One 3 to 3.5 lb boneless pork loin
Vegetable-oil cooking spray
¼ cup Dijon Mustard
1 tbs Orange Juice
1 tsp Orange Zest
1 ½ tsp chopped fresh Rosemary
1 tsp chopped fresh Sage
1 clove minced fresh Garlic
1 tsp Salt
½ tsp Pepper

Preheat oven to 425 degrees F. With cooking spray, lightly coat cooking rack placed over roasting pan.

In a small bowl, whisk: Dijon Mustard, Orange Juice and Orange Zest. Spread over the surface of the pork loin and place it on the rack. Roast the pork on the middle over rack for about 30 minutes.

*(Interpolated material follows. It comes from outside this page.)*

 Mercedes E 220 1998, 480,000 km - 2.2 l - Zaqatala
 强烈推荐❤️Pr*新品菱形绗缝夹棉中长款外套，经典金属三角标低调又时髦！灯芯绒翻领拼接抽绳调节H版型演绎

Ina small bowl toss the Rosemary, Sage, Garlic, Salt and Pepper. Remove pork from oven and pat the herb mixture onto the top and sides of the pork.

To Finish Now: Reduce oven temp to 350 and put pork back into oven until internal temperature is at 160 degrees (about 45 minutes). Remove and allow to rest (about 15 minutes). Slice and serve warm or cold. To Freeze: Remove from oven. Allow to cool, then place in freezer safe container.

To Reheat: Completely thaw. Preheat oven to 350 degrees and cook for about 45 minutes or until internal temp of pork is 160 degrees. Remove and allow to rest for about 15 minutes. Slice and serve warm or cold.